BRUSSELS (Reuters) – European Union leaders are likely to have to hold an emergency summit in November to consider any Brexit agreement struck with Britain, missing an informal deadline the previous month, diplomats in Brussels said.
European Union’s chief Brexit negotiator, Michel Barnier attends a media briefing with Britain’s Secretary of State for Exiting the European Union, Dominic Raab, after a meeting at the EU Commission headquarters in Brussels, Belgium August 21, 2018. REUTERS/Francois Lenoir
Agreeing the terms of Britain’s exit from the EU next March, as well as an outline of its future ties with the bloc, is proving a tall order. Delays have stirred talk that Britain could crash out of the EU with no agreements to replace nearly five decades of close cooperation in everything from food standards to space exploration and global diplomacy.

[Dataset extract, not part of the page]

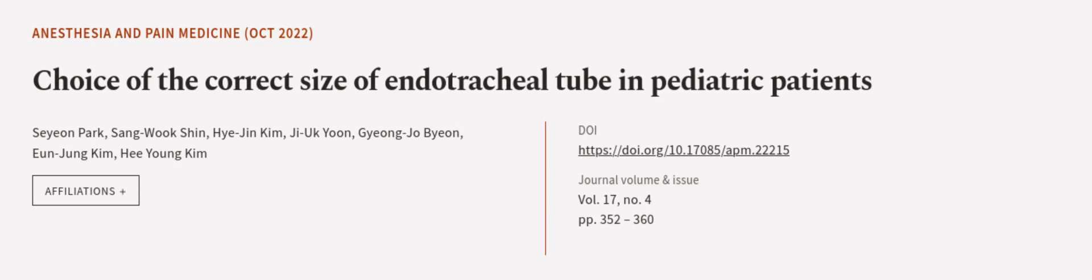This article was authored by Seon Park, Sang-wook Shin, Hye-jin Kim, and others.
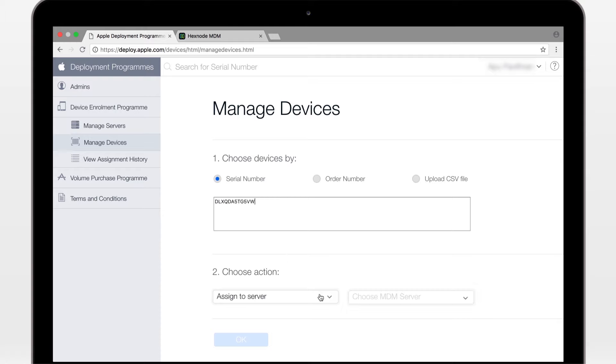Now, back to your Hexnode MDM portal. Let's sync DEP and reload the page. There's the device.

Negotiations on the divorce deal resumed after the summer break on Tuesday, but even the bloc’s Brexit negotiator signalled growing expectations that were increasingly unlikely to be wrapped up in time for a regular EU summit in October.
“I’m not going to say (it must come in) October. A few days here or there, beginning of November. But not much later than that, certainly,” Michel Barnier told a joint news conference with Britain’s Brexit minister, Dominic Raab.
Both men agreed that, while there has been progress in drafting possible cooperation between the EU and Britain on security and defence after Brexit, the Irish border and trade ties were still the key sticking points.
“If we have that ambition, that pragmatism and that energy on both sides, I’m confident we can reach that agreement by October,” Raab told the same news conference.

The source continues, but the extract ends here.